Now let’s define the feed entity which will handle the end of the pipeline to store the cleansed email. This feed signifies the emails produced by the cleanse email process. It also takes care of replicating the cleansed email dataset to the backup cluster (virginia cluster)
Browse for the cleansedEmailFeed.xml
Type *
in the search box and execute. You will see the two Feeds we added before.
Process
A process defines configuration for a workflow. A workflow is a directed acyclic graph(DAG) which defines the job for the workflow engine. A process definition defines the configurations required to run the workflow job. For example, process defines the frequency at which the workflow should run, the clusters on which the workflow should run, the inputs and outputs for the workflow, how the workflow failures should be handled, how the late inputs should be handled and so on.

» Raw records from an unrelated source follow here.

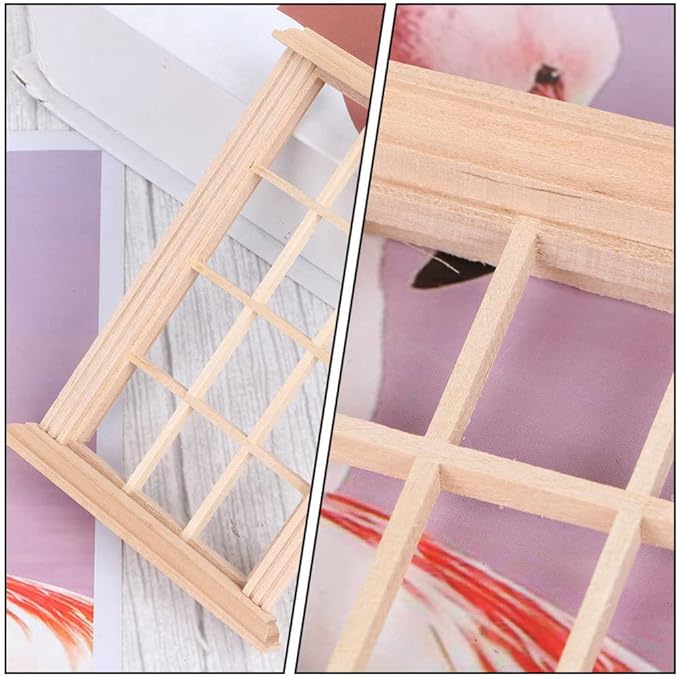 DOITOOL 2Pcs 1: 12 Dollhouse Window Frame Dollhouse Miniature Furniture Mini Wooden Window Frame DIY Dollhouse Bedroom Accessories, 3.3 x 4.5inch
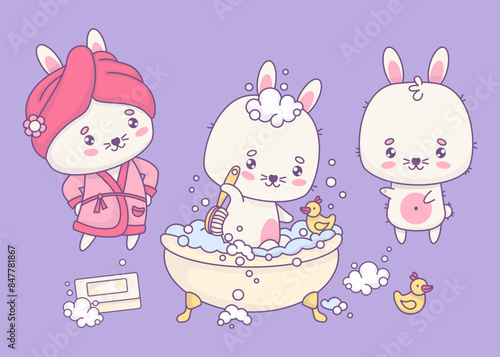 Cute bunnies collection. Funny white rabbits in pink bathrobe and towel, bathing in bubble bath with rubber duck. Isolated cartoon animals kawaii characters. Vector illustration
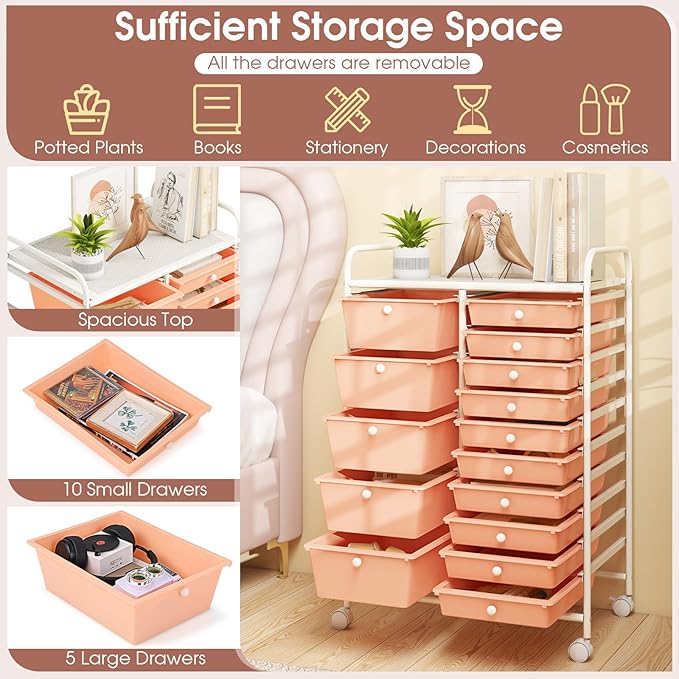 DORTALA 15-Drawer Rolling Storage Cart with Drawers, Rolling Utility Cart w/Removable Drawers & Universal Wheels, Tools Scrapbook Paper Organizer for School, Office, Home, Classroom (Light Pink)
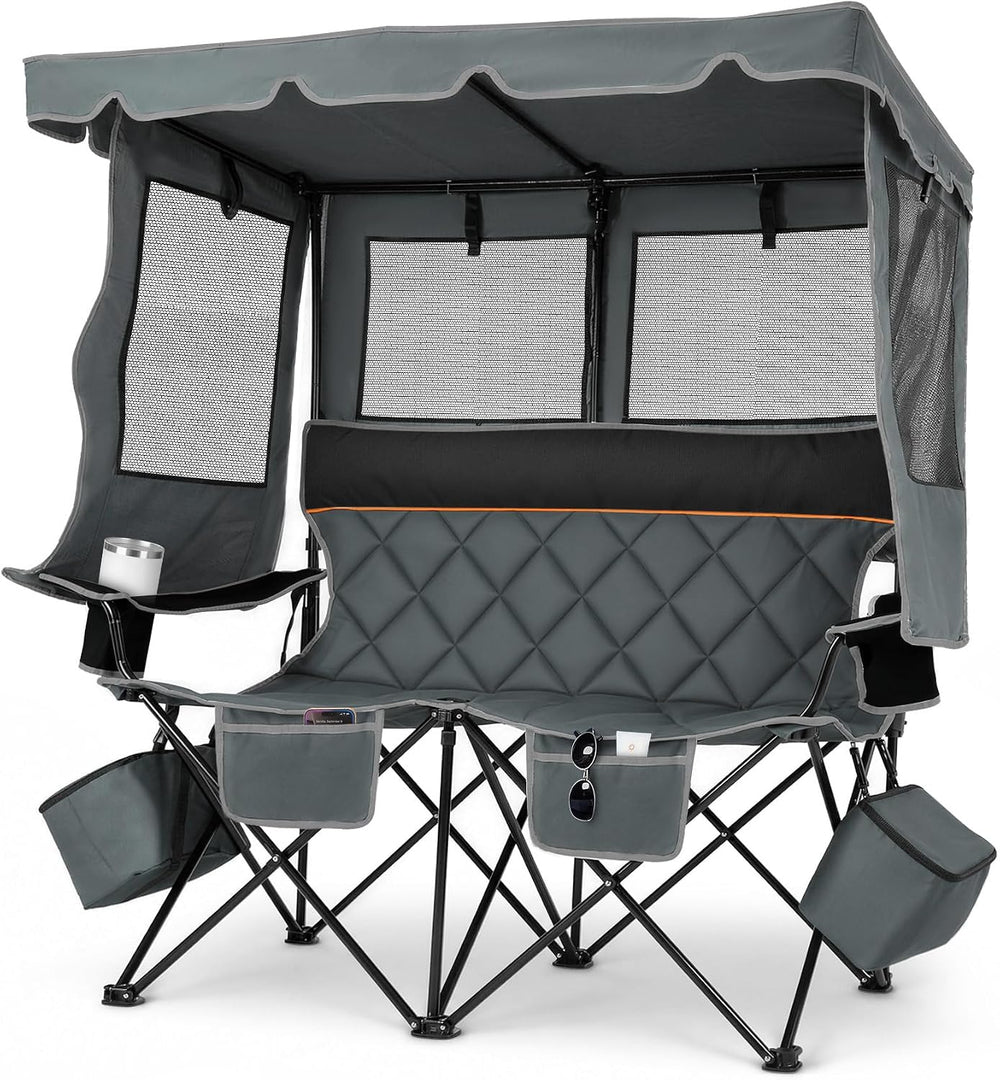 Suteck Double Camping Chair with Canopy, 660lbs Folding Loveseat with Shade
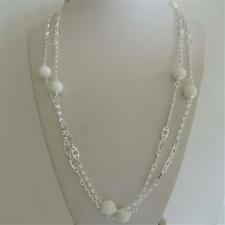 Sterling silver necklace. White agate beads 10mm. Length: 120 cm.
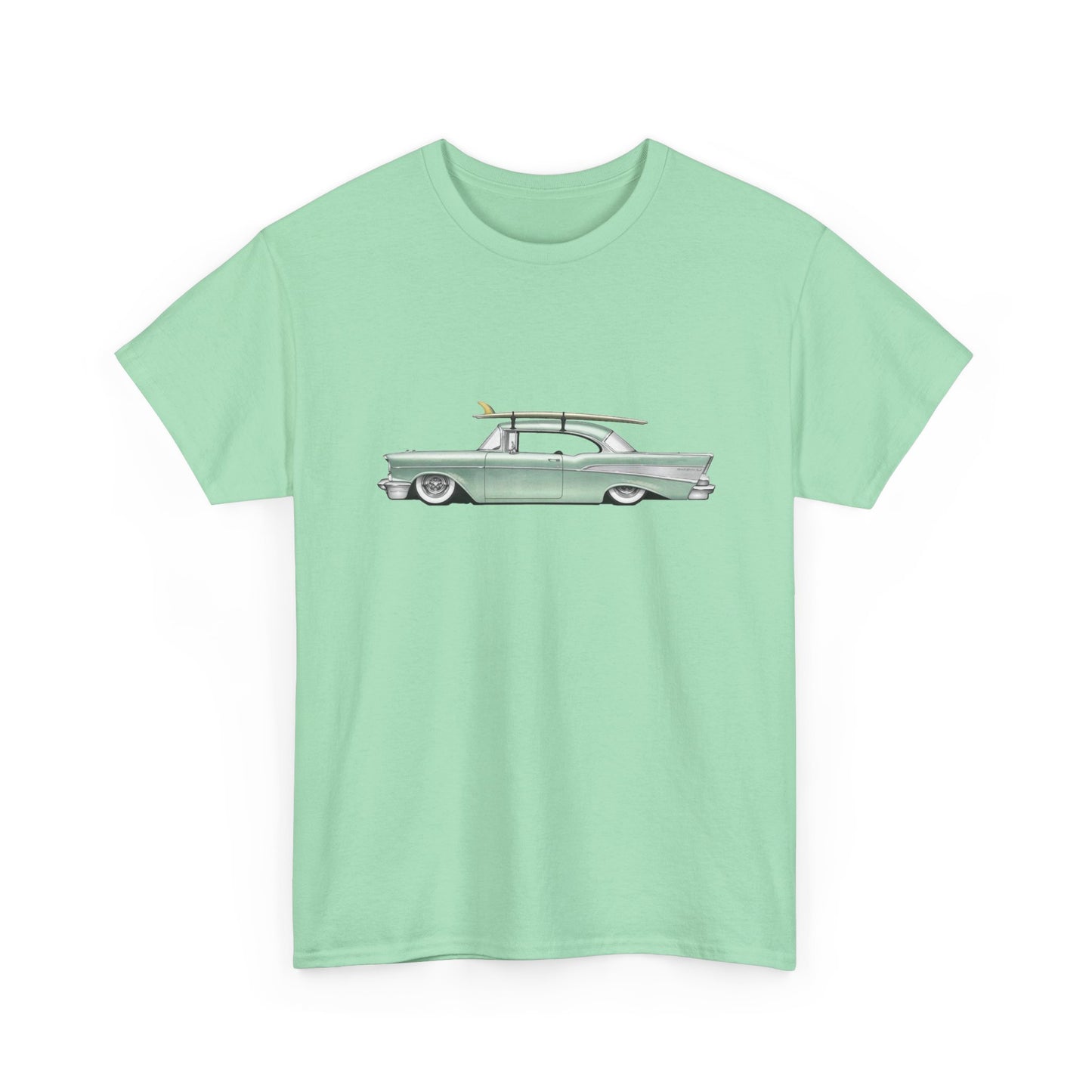 57 Chevy Cruiser Surfer Graphic T Shirt Unisex Heavy Cotton Tee NEW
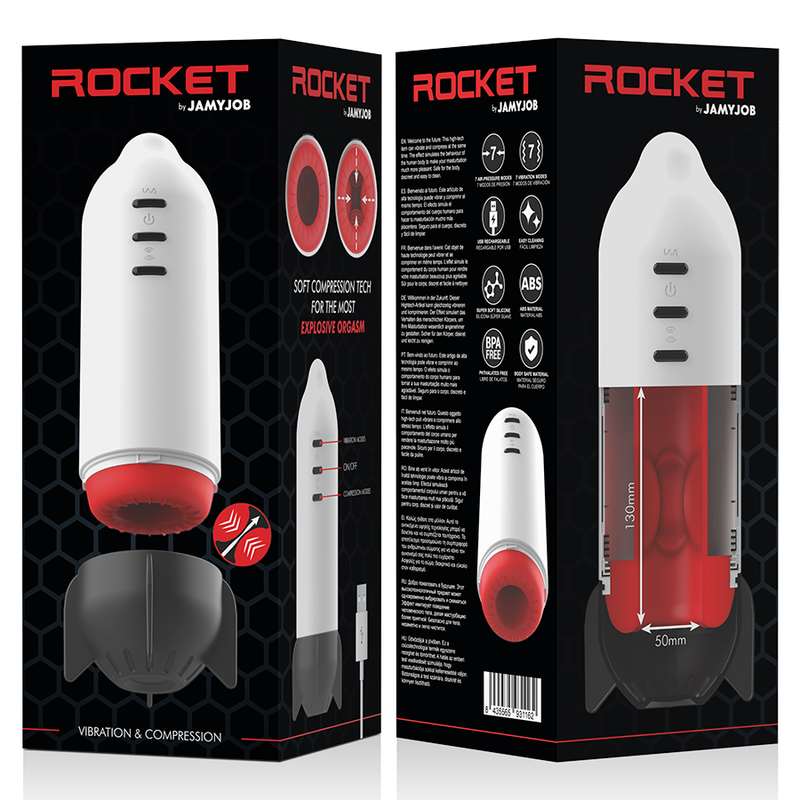 Rocket Masturbatore Elettrico A compressione e Vibrazione - 7 modalità di vibrazione e 7 di compressione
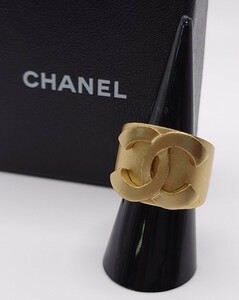 【SR-242】 CHANEL ココマーク リング 金属 素材 01C 刻印 有り 13号 ブランドアクセサリー シャネル 指輪 ゴールド 金色 箱付き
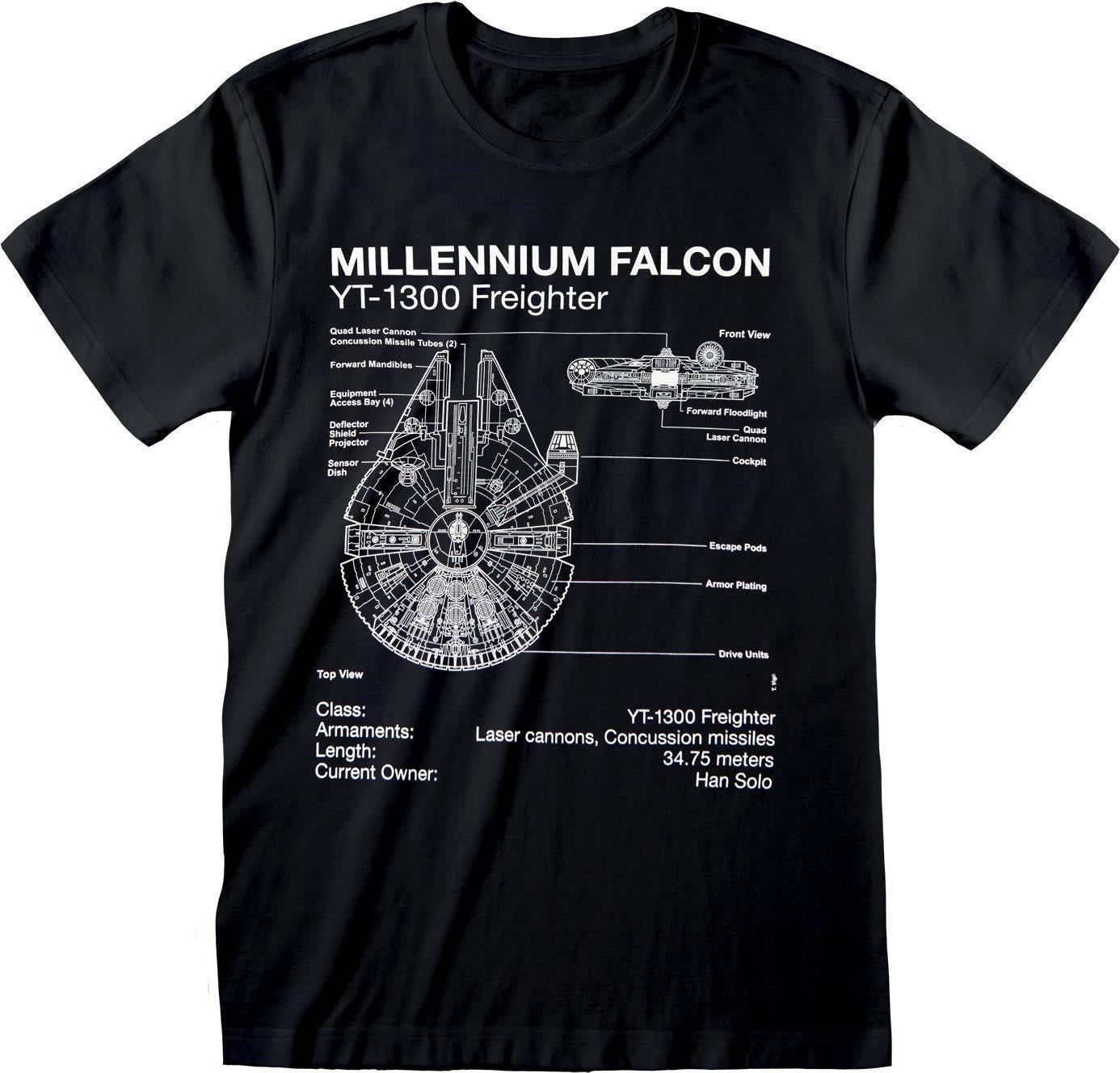 Star Wars: Millennium Falcon Sketch (T-Shirt Unisex Tg. M)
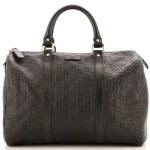 GUCCI GG ssima Leather Chocolate Boston Bag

Here is an example of what a process specification looks like:
Back to our scenario, let’s submit the ingest and the cleanse process respectively:
The ingest process is responsible for calling the Oozie workflow that downloads the raw emails from the web into the primary Hadoop cluster under the location specified in the rawEmailFeed.xml
It also takes care of handling late data arrivals
Like before we browse fo the emailIngestProcess.xml
The cleanse process is responsible for calling the pig script that cleans the raw emails and produces the clean emails that are then replicated to the backup Hadoop cluster
For the last time we browse for another xml file, the cleanseEmailProcess.xml
.
Type again *
in the search box. Now you can see the processes as well.
So, all that is left now is to schedule the feeds and processes to get it going.
Ingest the feed
Mark the rawEmailFeed and the rawEmailIngestProcess and click on schedule.
Cleanse the emails
Now, mark the clensedEmailFeed and the cleanseEmailProcess and schedule it, too.
In a few seconds you should notice that that Falcon has started ingesting files from the internet and dumping them to new folders like below on HDFS:
hadoop fs -ls /user/ambari-qa/falcon/demo/primary/input/enron/2014-02-00
In a couple of minutes you should notice a new folder called processed under which the files processed through the data pipeline are being emitted:
hadoop fs -ls /user/ambari-qa/falcon/demo/primary/processed/enron/2014-02-00
We just created an end-to-end data pipeline to process data. The power of the Apache Falcon framework is its flexibility to work with pretty much any open source or proprietary data processing products out there.